On March 26, the park announced that all restrooms are closed and the backcountry is closed for camping as well.

On March 29, all facilities in the park are closed. 

On April 4, the park announced it was closing everything to vehicles except the 40-mile stretch from Swift Run to Rockfish Gap. Skyline Drive from Front Royal to Swift Run was open to pedestrians, bicycles and other non-motorized vehicles. All visitors needed to leave by 8 p.m. as the park would be closing daily from 8 p.m. to 7 a.m.
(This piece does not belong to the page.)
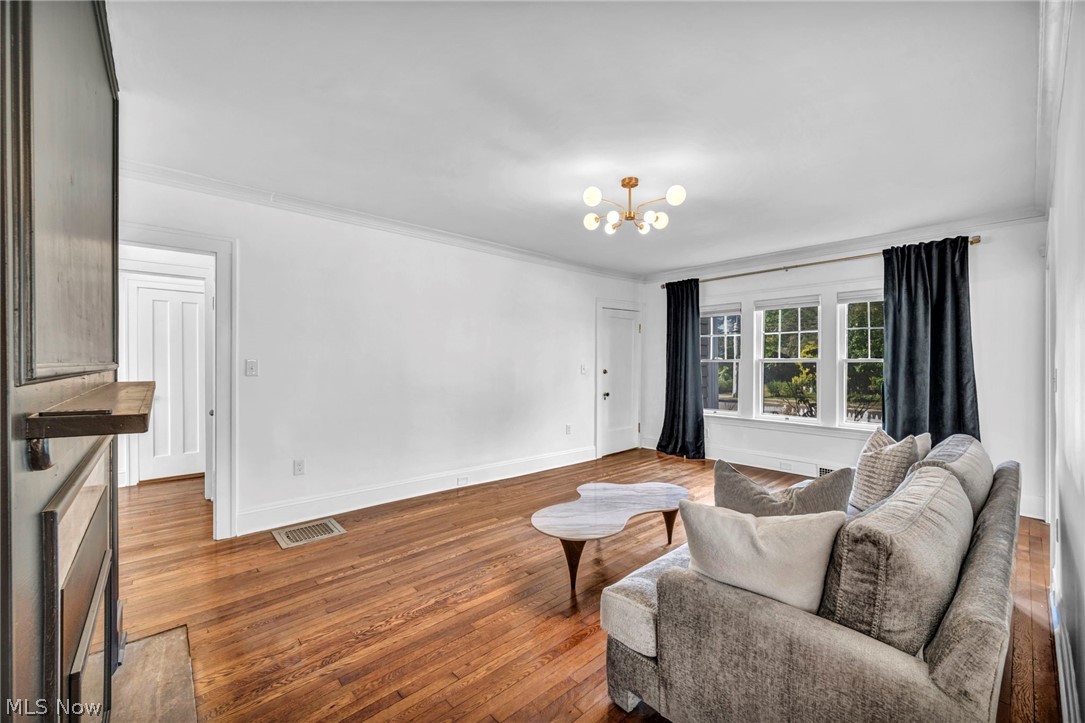 2135 Coventry Road, Unit DOWN Cleveland, OH 44118 - Photo 6 of 34 Living area featuring suspended lighting, dark wood-style floors, and ornamental molding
All picnic grounds were also closed on April 4. 

Four days later on April 8 the park was completely closed until further notice. 

Disappointed but Necessary

Frequent hiker and Shenandoah National Park visitor Danielle Martlock said she visits the park about “two times per week.” 
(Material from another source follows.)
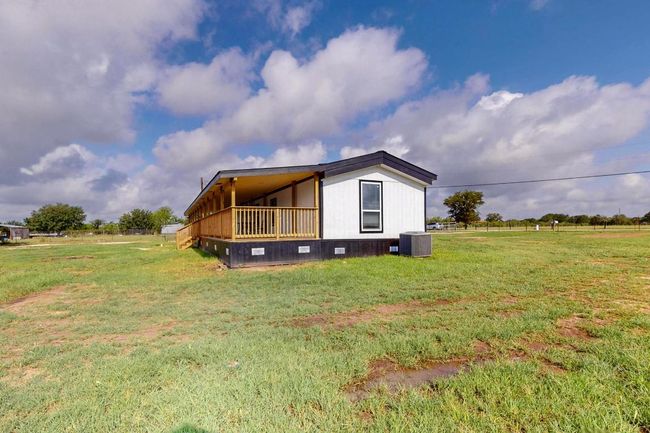View of side of property with central air condition unit and a lawn | Image 34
She said her most recent trips have been “wonderful” but she has noticed “much more foot traffic on common trails.”

Martlock said she feels she has seen the park recently be overly crowded to the point of violating CDC guidelines and the measures the park has taken were needed. 
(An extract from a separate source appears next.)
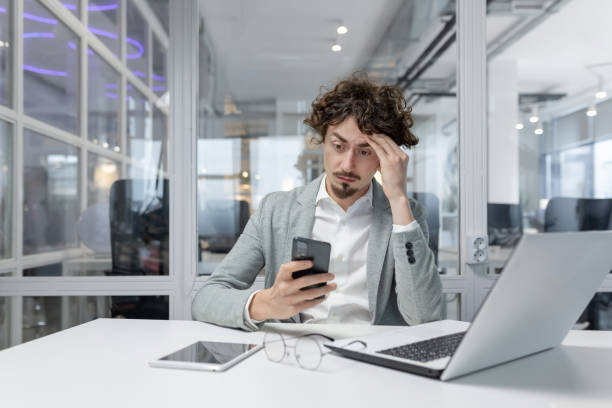 istock Exhausted young businessman in office feeling overwhelmed and stressed 1968095586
Another frequent park visitor, Katie Shenk, said she visits the park “a few times a month.” 

Shenk said on her most recent visits there were more people than she expected there to be. 

She also said that while it was “saddening” to see the park close she understood the need for it and felt like it as a “good idea.”

See the Park From Home

The National Park Service has many digital tools that the public can take advantage of during this time of closure like their website where one can find photo galleries, videos and webcams or their YouTube channel and other social media sites.